Ms. Miller and other edible-insect entrepreneurs also think crickets could appeal to people concerned with environmental sustainability. The insects take just six to eight weeks to reach maturity and, because they don’t require much food, water, or land and produce low levels of greenhouse gas emissions, they have a smaller carbon footprint than, say, a cow.

A 2013 report by the U.N. Food and Agriculture Organization that extolled insects’ potential to help stabilize the global food supply helped propel the edible-insect industry forward.

After the report came out, “all of a sudden there were a ton of people who were superinterested in edible bugs,” said Kevin Bachhuber, who in May started Big Cricket Farms in Youngstown. His farm is devoted exclusively to raising food-grade crickets for humans. He follows more stringent sanitation procedures and uses higher-quality feed grains than do farms that provide crickets sold at pet stores to feed lizards.

To get his business off the ground, Mr. Bachhuber called on Tiny Farms, a San Francisco edible-insect consulting company that assisted him with insect breeding, entomological research, and expense modeling.

Mr. Bachhuber’s 5,000-square-foot warehouse can produce 50,000 pounds of crickets per month. Inquiries have come from professional chefs, curious home cooks, and nongovernmental organizations interested in mixing crickets into their packaged MREs, or meals ready to eat.

For now, crickets and cricket flour are still relatively expensive. Mr. Bachhuber sells his crickets, which he ships frozen to customers, for $4.50 to $9 per pound.

One cup of Bitty Foods’ cricket flour requires about 4,000 crickets, according to Ms. Miller. The retail price for a 20-ounce bag of her cricket flour is $20. By comparison, a bag of regular all-purpose flour typically costs around $1 per pound in grocery stores. Ms. Miller thinks that when crickets are more widely available for purchase, the price could drop.

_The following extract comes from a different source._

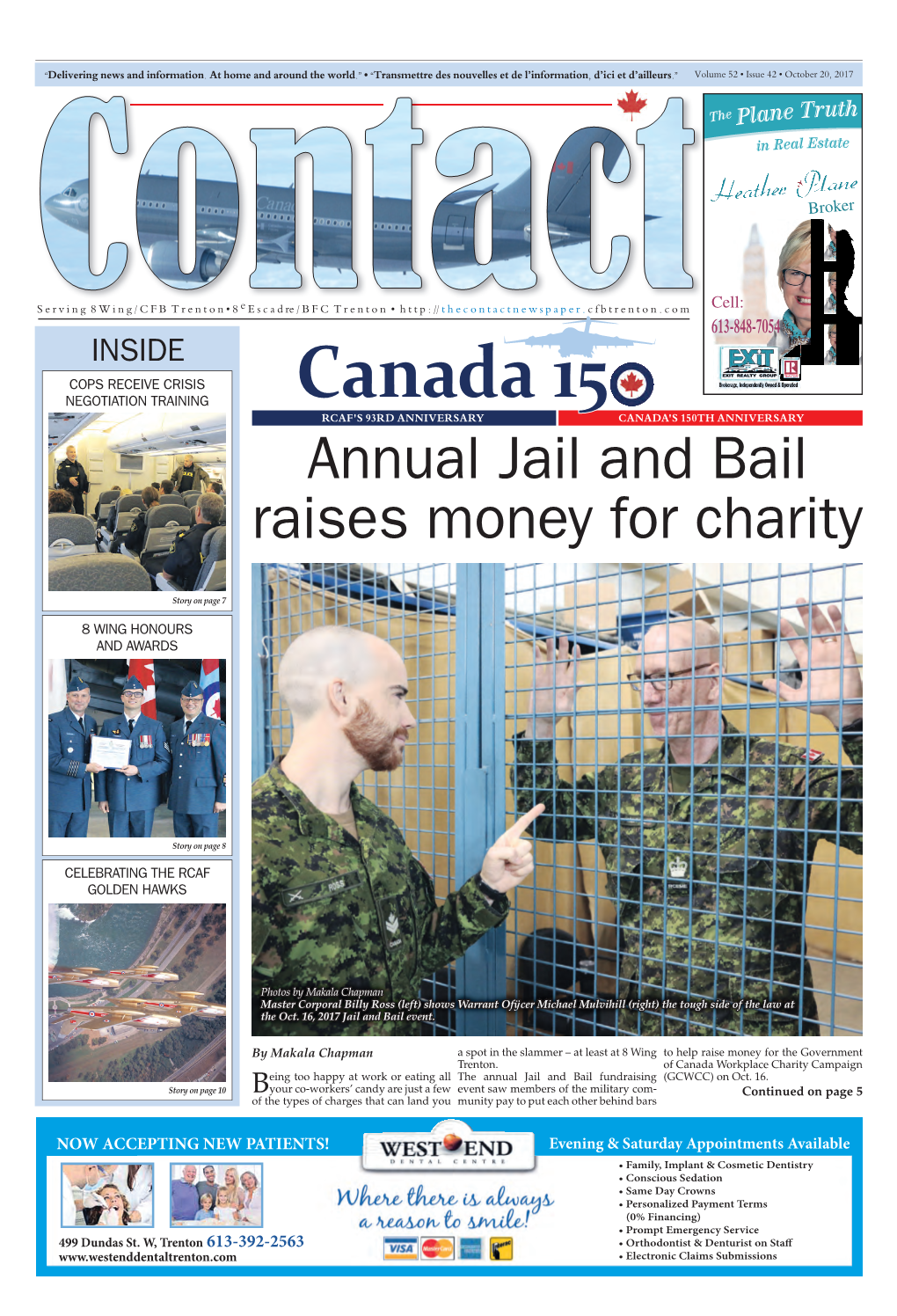 Canada 15 RCAF's 93RD ANNIVERSARY CANADA's 150TH ANNIVERSARY Annual Jail and Bail Raises Money for Charity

Bitty Foods sells several hundred bags of cookies each week through its Web site, according to Ms. Miller. In March, after giving a presentation at the TEDxManhattan conference, she got the attention of the Florence Group, a business that celebrity chef Tyler Florence helped found.

Mr. Florence’s company sells its California Crush wine at Target and is developing product lines for Williams-Sonoma and Costco, in addition to serving as an incubator for culinary start-ups.

Two weeks ago, the Florence Group, in the San Francisco Bay Area, became an equity investor in Bitty Foods. “It tastes like dark toast,” Mr. Florence says of cricket flour. The plan is for Mr. Florence and Ms. Miller to fine-tune Bitty Foods’ flour and use it as a staple for the other products they create, which Mr. Florence says will “feel really familiar but most importantly will taste delicious.”

Cricket-flour pasta or muffins will have to be very appetizing to overcome Americans’ revulsion of eating insects, even cute ones such as crickets. “Obviously there’s the gross factor, so you run the risk that no one’s going to buy it,” according to Kelly Goldsmith, assistant professor of marketing at Northwestern University’s Kellogg School of Management.

“If you get just regular diners who are not foodies and not gluten-free to try these cookies, and they don’t taste great,” Ms. Goldsmith warns, “there will not be a repeat purchase.”